Por lo tanto, nuestros proyectos no son tanto fruto de la estrategia, de la observación de la realidad, de generosos impulsos por el bien de los demás, sino, sobre todo, fruto de la contemplación, es decir, de asumir el mismo punto de vista que Dios, sobre nosotros mismos, sobre los otros y sobre el mundo.
La contemplación proviene de una verdadera oración personal y comunitaria, de un discernimiento maduro de la voluntad de Dios para comprender lo que él nos llama a ser y a hacer por el bien de los demás.

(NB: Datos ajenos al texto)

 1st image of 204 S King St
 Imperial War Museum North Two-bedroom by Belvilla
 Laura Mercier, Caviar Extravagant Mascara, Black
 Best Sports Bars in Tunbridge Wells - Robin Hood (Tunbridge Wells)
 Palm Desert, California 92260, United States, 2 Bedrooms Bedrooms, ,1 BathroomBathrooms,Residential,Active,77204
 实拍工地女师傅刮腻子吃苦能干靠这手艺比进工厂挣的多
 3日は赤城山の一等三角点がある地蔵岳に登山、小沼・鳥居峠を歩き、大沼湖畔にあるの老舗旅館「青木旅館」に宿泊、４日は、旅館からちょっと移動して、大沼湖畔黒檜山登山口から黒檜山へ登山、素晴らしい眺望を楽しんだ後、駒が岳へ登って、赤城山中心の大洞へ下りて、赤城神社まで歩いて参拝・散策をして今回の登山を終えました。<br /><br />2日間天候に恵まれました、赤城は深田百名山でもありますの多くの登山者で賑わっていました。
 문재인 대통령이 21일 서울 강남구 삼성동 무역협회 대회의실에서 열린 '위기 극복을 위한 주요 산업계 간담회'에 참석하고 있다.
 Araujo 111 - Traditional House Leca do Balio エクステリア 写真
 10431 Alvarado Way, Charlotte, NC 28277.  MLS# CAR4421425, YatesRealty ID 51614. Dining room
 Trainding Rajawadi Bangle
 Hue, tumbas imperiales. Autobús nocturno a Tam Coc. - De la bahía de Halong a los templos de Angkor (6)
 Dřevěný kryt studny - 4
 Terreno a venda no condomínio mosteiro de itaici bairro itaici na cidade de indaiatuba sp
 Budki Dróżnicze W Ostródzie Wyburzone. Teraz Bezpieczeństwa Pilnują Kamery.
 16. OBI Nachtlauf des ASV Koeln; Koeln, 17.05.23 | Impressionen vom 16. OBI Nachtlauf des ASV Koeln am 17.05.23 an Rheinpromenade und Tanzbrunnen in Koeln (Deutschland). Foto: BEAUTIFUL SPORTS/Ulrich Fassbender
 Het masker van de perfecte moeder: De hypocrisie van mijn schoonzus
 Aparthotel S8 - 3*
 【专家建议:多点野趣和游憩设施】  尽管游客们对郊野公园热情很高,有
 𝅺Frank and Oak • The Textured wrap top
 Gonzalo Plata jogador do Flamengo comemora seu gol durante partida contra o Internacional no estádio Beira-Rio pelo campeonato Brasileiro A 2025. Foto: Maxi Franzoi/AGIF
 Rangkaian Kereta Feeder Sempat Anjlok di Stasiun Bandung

Así la acción pastoral por el bien del otro, como es la misma visita de María a Isabel, brota de una oración íntima, un «cor ad cor loquitur» —el corazón que habla al corazón (san Francisco de Sales)—. La acción, entonces, es la continuación de la relación que se funda y brota de la fe y del amor. Es un respirar el Espíritu Santo, es salida de sí mismos para acceder a una relación trinitaria en la que Dios mismo habla a nuestro corazón e inspira nuestras acciones hacia los demás.
En su raíz más profunda, por tanto, todo proyecto pastoral, toda acción de caridad que queramos poner en marcha, sería una acción superficial si no fuera fruto de una vocación, de una llamada del Padre, que provoca en el Hijo un vaciamiento de sí y que da así espacio a la acción del Espíritu dentro de nosotros y a través de nosotros. Es fundamental favorecer ese verdadero movimiento que mueve nuestras propuestas y procesos, un movimiento que comienza por nuestro amor a Dios como respuesta al «amor que Dios ha derramado en nuestros corazones» (Rom 5,5).
Contemplación y conocimiento de Dios, meditación y proyecto pastoral significan, por tanto, buscar el rostro de Dios y buscarlo en el hermano, en quien encontramos, en quien nos pide ayuda, en quien grita con su ser necesitado. Contemplación, entonces, es asumir la mirada de Dios, ver como Dios ve, y tener así los mismos sentimientos de Jesús, único que ve y conoce al Padre, y cumple siempre su voluntad. ¿Acaso puede el discípulo ser más que el Maestro, vivir otras formas de hacer crecer el Reino?
¡Qué frecuente y doloroso es ver el peligro de un compromiso pastoral que no esté arraigado en una vida de oración, de acogida en nosotros del Espíritu de Jesús! Sabemos bien que cuando esto sucede, es decir, cuando no escuchamos a Dios, terminamos en un laberinto de activismo sin parar.
Superar las fronteras
Esta apertura supera fronteras: las geográficas, las culturales, las psicológicas, las religiosas. La verdadera disponibilidad es siempre un «éxodo», un salir de uno mismo, de los propios esquemas, del propio lenguaje espiritual. No teme lo diferente, sino que lo busca, lo acoge, porque reconoce en el otro a un hermano, a una hermana.
María debe salir de casa para hacer realidad el anuncio en el que ha creído y al que se ha entregado. Casi se podría decir que no solo el anuncio recibido provoca en ella la necesidad de ir a Isabel, sino que, en cierto sentido, si no hubiera ido a su prima, el anuncio no habría sido verdadero hasta el fondo porque la gracia recibida no hubiera sido fecunda completamente.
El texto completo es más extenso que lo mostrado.